Rendez-vous à Brick Lane - Sarah Gavron

Le corps d'une jeune fille est retrouvé dans un champs. Cette découverte va bouleverser la vie d'un certain nombre de femme. Il y a d'abord celle qui découvre le corps, pauvre fille vivant sous la tyrannie de sa mère handicapée. Il y a ensuite la jeune légiste qui souhaite plus que tout au monde que ce corps soit celui de sa soeur disparue quinze ans plus tôt, pour qu'elle puisse enfin faire le deuil. Il y a cette femme qui n'est plus dans la fleur de l'âge et qui vit avec un mari qui est le plus grand des inconnus et qui pourrait bien être l'assassin de la jeune fille. Il y a la mère de la morte qui essaie de comprendre qui était sa fille et ce qu'était sa vie. Et enfin, il y a la jeune fille assassinée, celle qui rêvait de vie meilleure mais que la mort fauchera sans qu'elle ait pu donner le cadeau d'anniversaire à sa petite fille. Cinq femmes, cinq portraits. Une sorte de puzzle dissonant autour d'un même événement. Cinq portrait, un film avec assez peu de cohésion. Le challenge est louable mais bien trop artificiel pour créer une homogénéité. Dommage. Quelques portraits sont particulièrement réussis comme celui de cette pauvre fille traumatisée, brillamment interprétée par Toni Collette; portrait qui prend des allures de Carrie de De Palma. Il y a aussi celui de la femme trompée (Mary Beth Hurt) par un mari meurtrier mais qui, par amour et malgré tout, couvrira ses crimes. Et puis il y en a des ratés. Celui de la fille assassinée, interprétée par Britanny Murphy, peu convaincante qui ne s'exprime qu'avec des "fuck" à tour de répliques.

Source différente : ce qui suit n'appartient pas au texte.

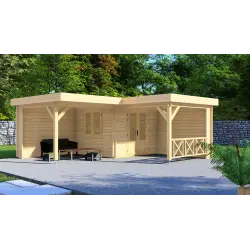 Maison en bois de jardin REBECCA 6x6, 44mm, façade côté droit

Et puis il y a celui de sa mère malgré la très bonne interprétation de Marcia Gay Harden qui sombre de la mièvrerie bon samaritaine gluante. Reste que la réalisatrice fait un très bon travail de mise en scène et soigne chaque plan. Le travail sur la lumière est magnifique. Une réalisatrice à suivre malgré tout.